Logistically, it is more convenient and affordable for Southeast/East Asia-based scholars to meet and interact with each other in the region compared to traveling long distances and at huge expense to America and Europe (although this consortium welcomes the participation of American and European Southeast Asianists). Other places where Southeast Asian studies constitutes only one sub-regional branch of “area studies” among many other areas are subject to the vicissitudes of funding and institutional imperatives specific to the countries in which they are based. Yet, for scholars working on Southeast Asia who are based in East Asia, this “area” matters in geopolitical, economic, intellectual, institutional, social, cultural and affective terms. This makes it impossible to treat Southeast Asian studies as if this were something peripheral and external to what scholars, public intellectuals, policy-makers and activists are doing in
this region.

Building on the imperative to promote region-based Southeast Asian studies, the Center for Southeast Asian Studies at Kyoto University, in partnership with nine leading Asian and Southeast Asian Studies institutions in the region, established a Consortium for Southeast Asian Studies in Asia (SEASIA) on 11 October 2013. The consortium Charter was signed by the Center for Asia-Pacific Studies, Academia Sinica; the Institute of Asian Studies, Chulalongkorn University;
the Indonesian Institute of Sciences; the Korean Association of Southeast Asian Studies; the Center for Southeast Asian Studies, Kyoto University; the Asia Research Institute, National University of Singapore; the School of Humanities and Social Sciences, Nanyang Technological University; the Taiwan Association of Southeast Asian Studies; the Institute of Asian Studies, Universiti Brunei Darussalam; and the Asian Center, University of the Philippines.

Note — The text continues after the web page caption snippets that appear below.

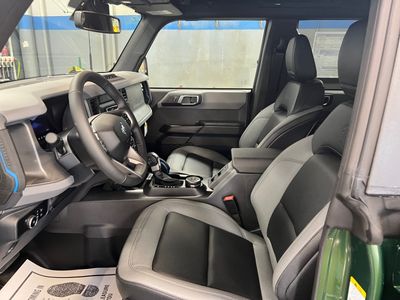 2024 Ford Bronco — photo 13 view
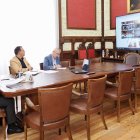 El alcalde de Valladolid, Jesús Julio Carnero, participa en una reunión online con representantes de Bimbo España y de la Junta de Castilla y León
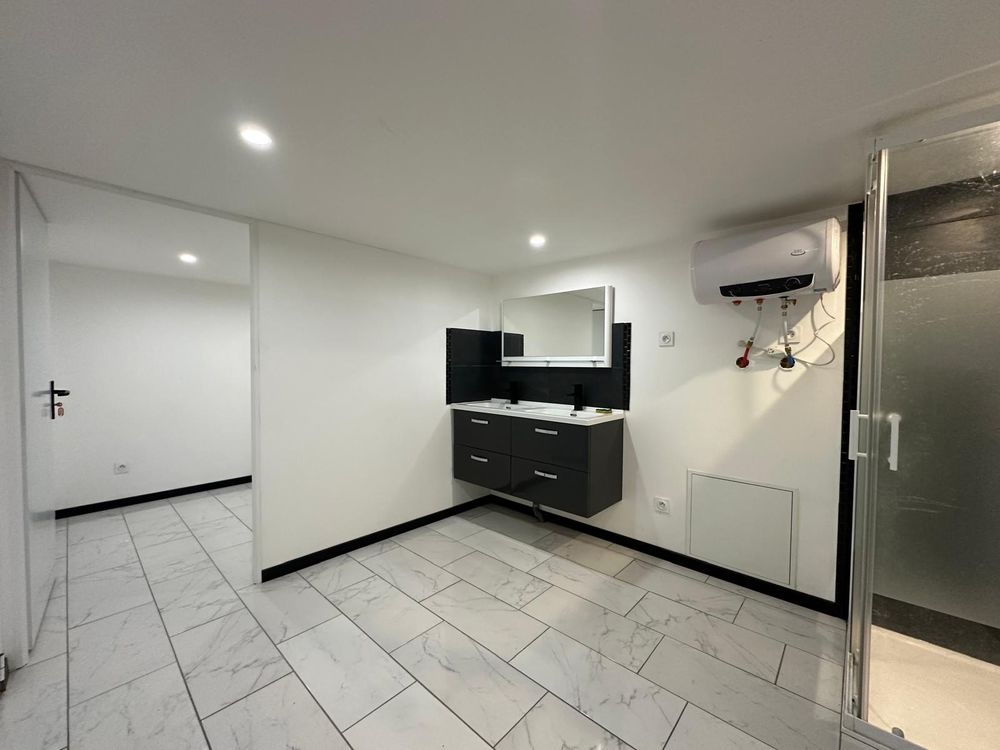 Idéalement situés à Cholet, bureaux professionnels 90 m2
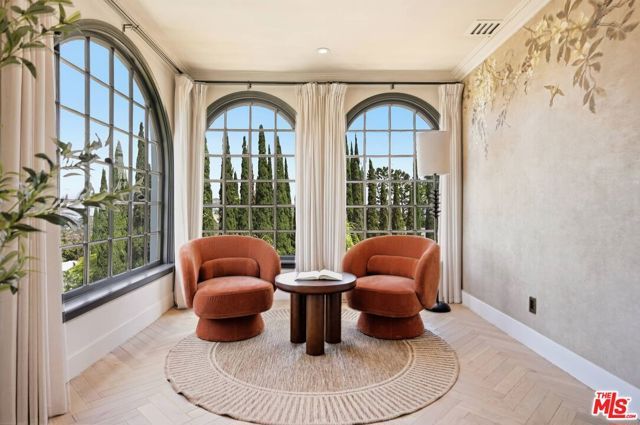8244 Skyline Drive, Los Angeles, CA 90046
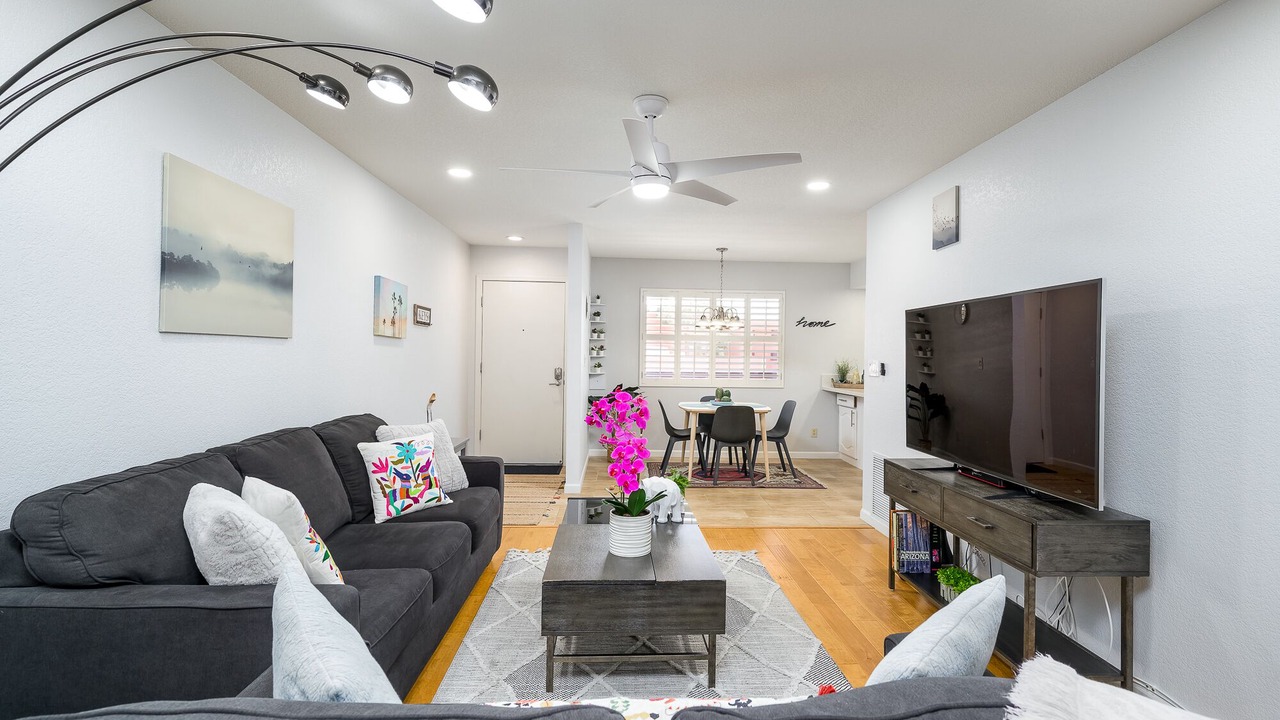 Photo of Livingroom in Paradise Valley Village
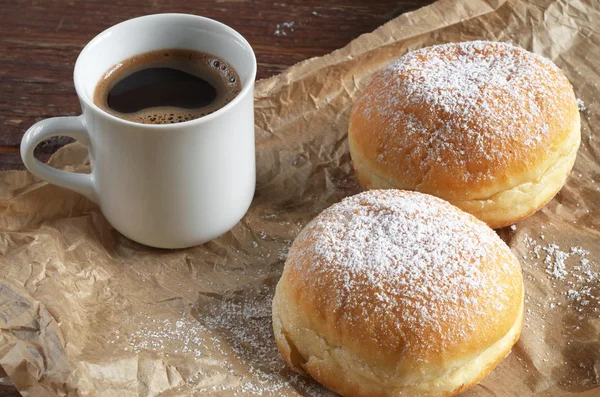 Donut mit Kaffee — Stockfoto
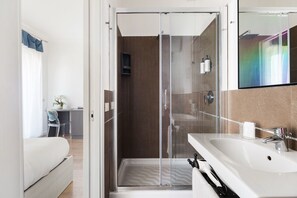 Comfort Double Room | Bathroom | Shower, rainfall showerhead, free toiletries, hair dryer - YourHome - Villa Sorrento (Meta)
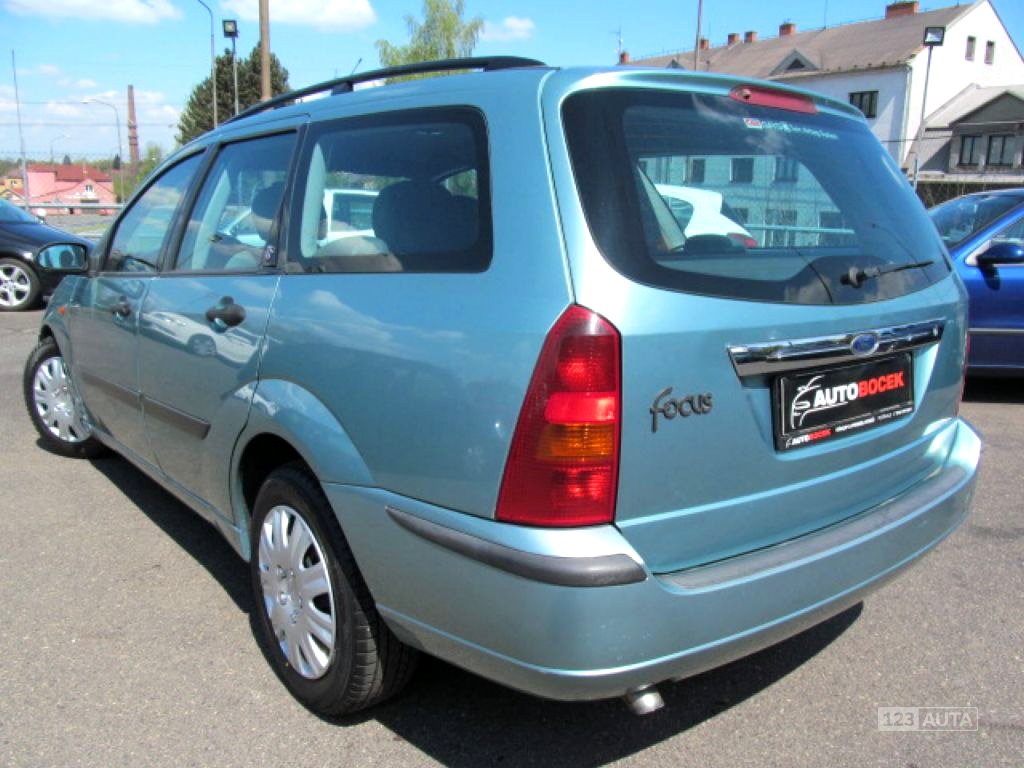 Ford Focus, 1999 - pohled č. 6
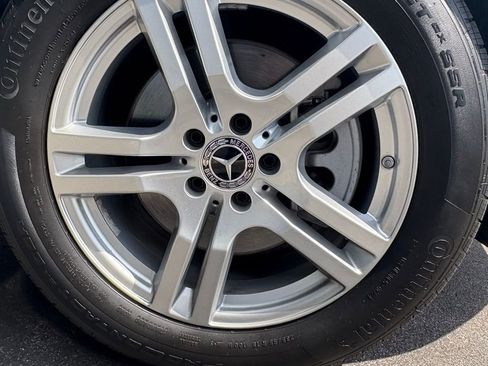 Certified 2022 Mercedes-Benz GLA 250 4MATIC image 5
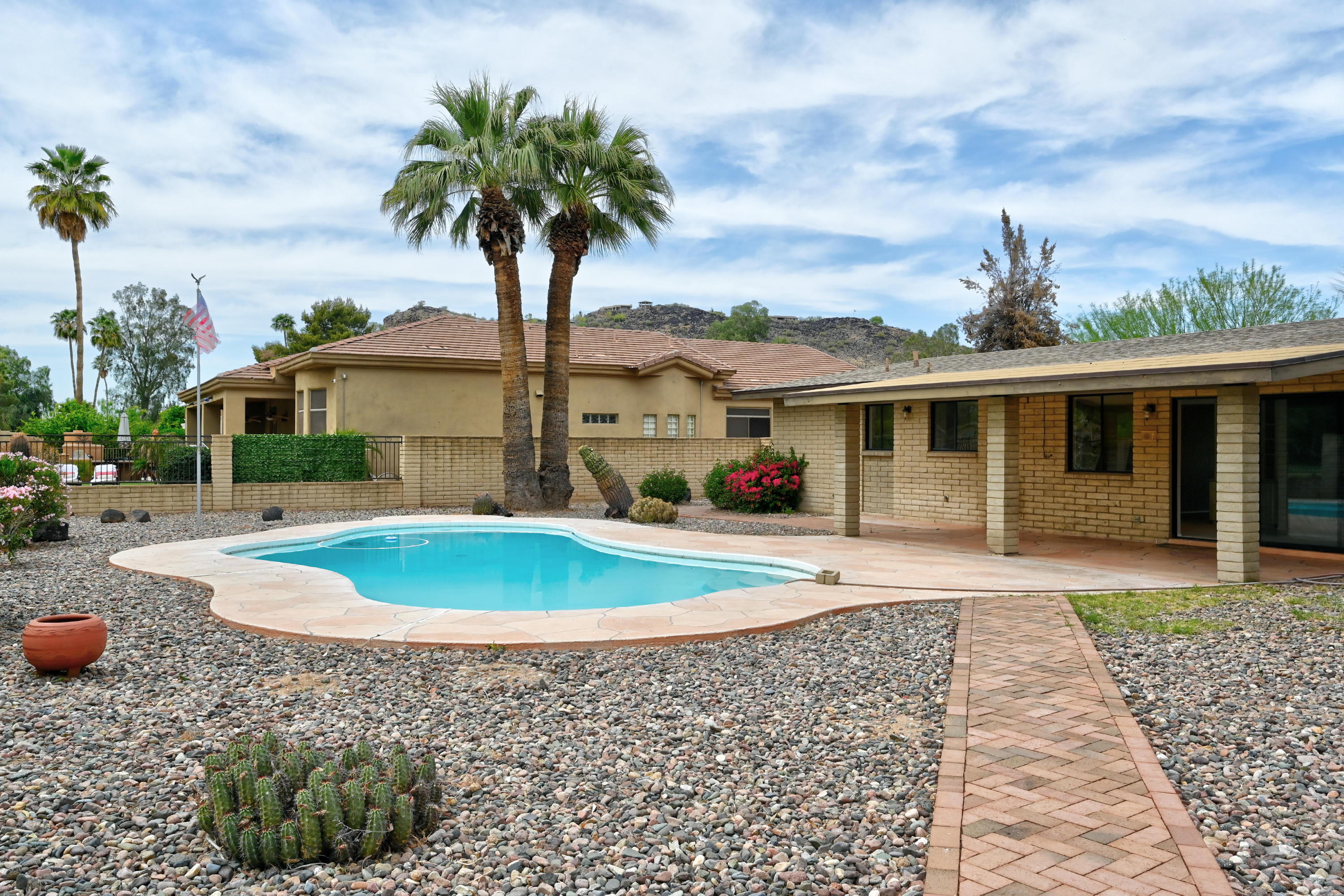 513 West Southern Hills Road Phoenix, AZ 85023 - Photo 27 of 33 Back of home!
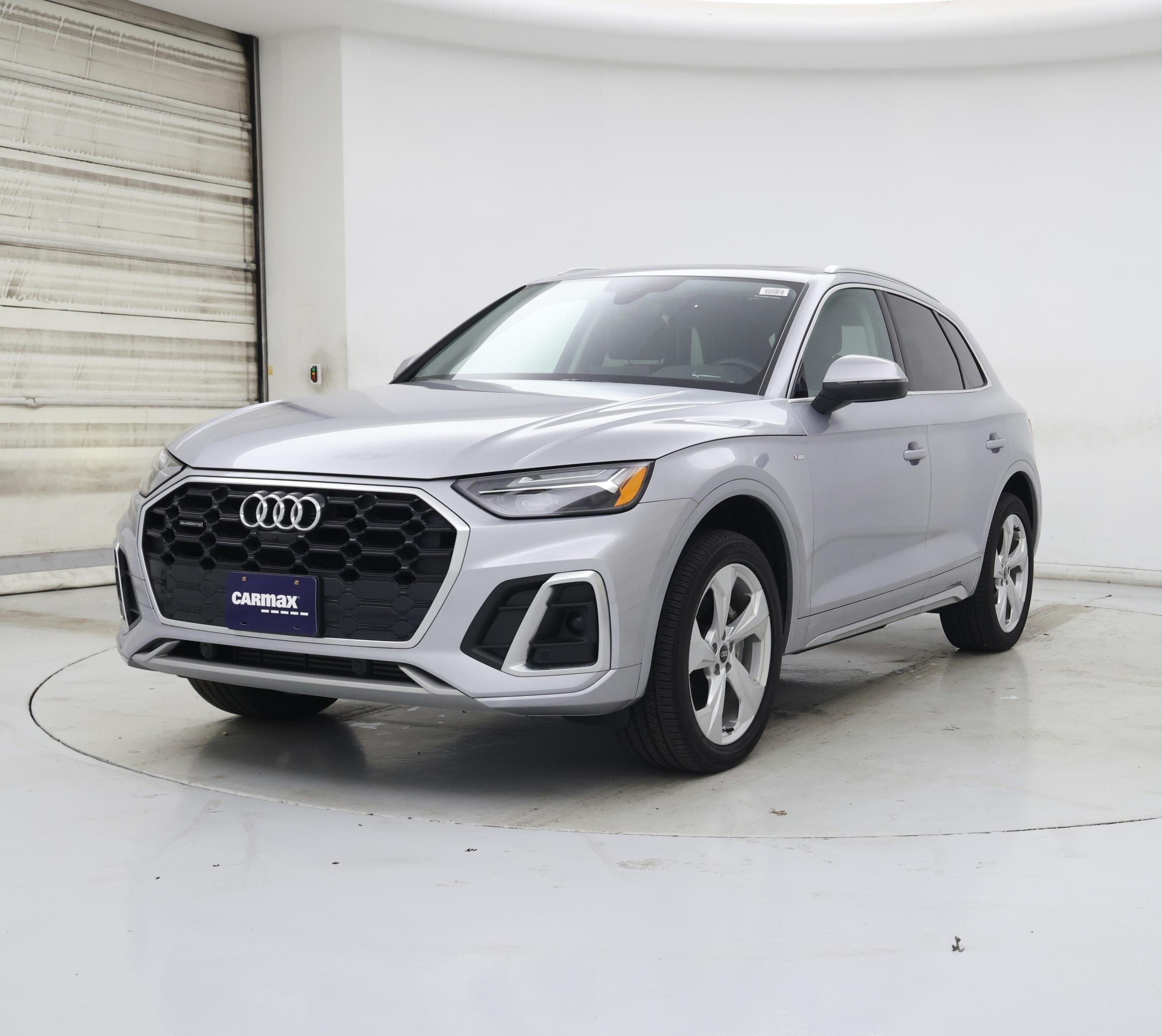 Thumbnail: 2022 Audi Q5 - 4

Professor Sunait Chutintaranond of Chulalongkorn University is Chairperson of the Governing Board. The Governing Board has the following members:

Ikrar Nusa Bhakti (Indonesian Institute of Sciences)
Eduardo Tadem (University of the Philippines)
Michael Feener (National University of Singapore)
Liu Hong (Nanyang Technological University)
Tong Chee Kiong (Universiti Brunei Darussalam)
Hsin-Huang Michael Hsiao (Academia Sinica)
Park Jang Sik (Korean Association of Southeast Asian Studies)
Shimizu Hiromu (Kyoto University): Secretary

The Secretariat is based in the Center for Southeast Asian Studies at Kyoto
University.

SEASIA will promote Southeast Asian studies by linking the leading area studies institutions in the region in a cooperative venture to provide a multilateral forum for organizing academic meetings, seminars, workshops, and symposia. One of its main activities will be to organize a biennial conference, the first of which is expected to take place in Kyoto in 2015.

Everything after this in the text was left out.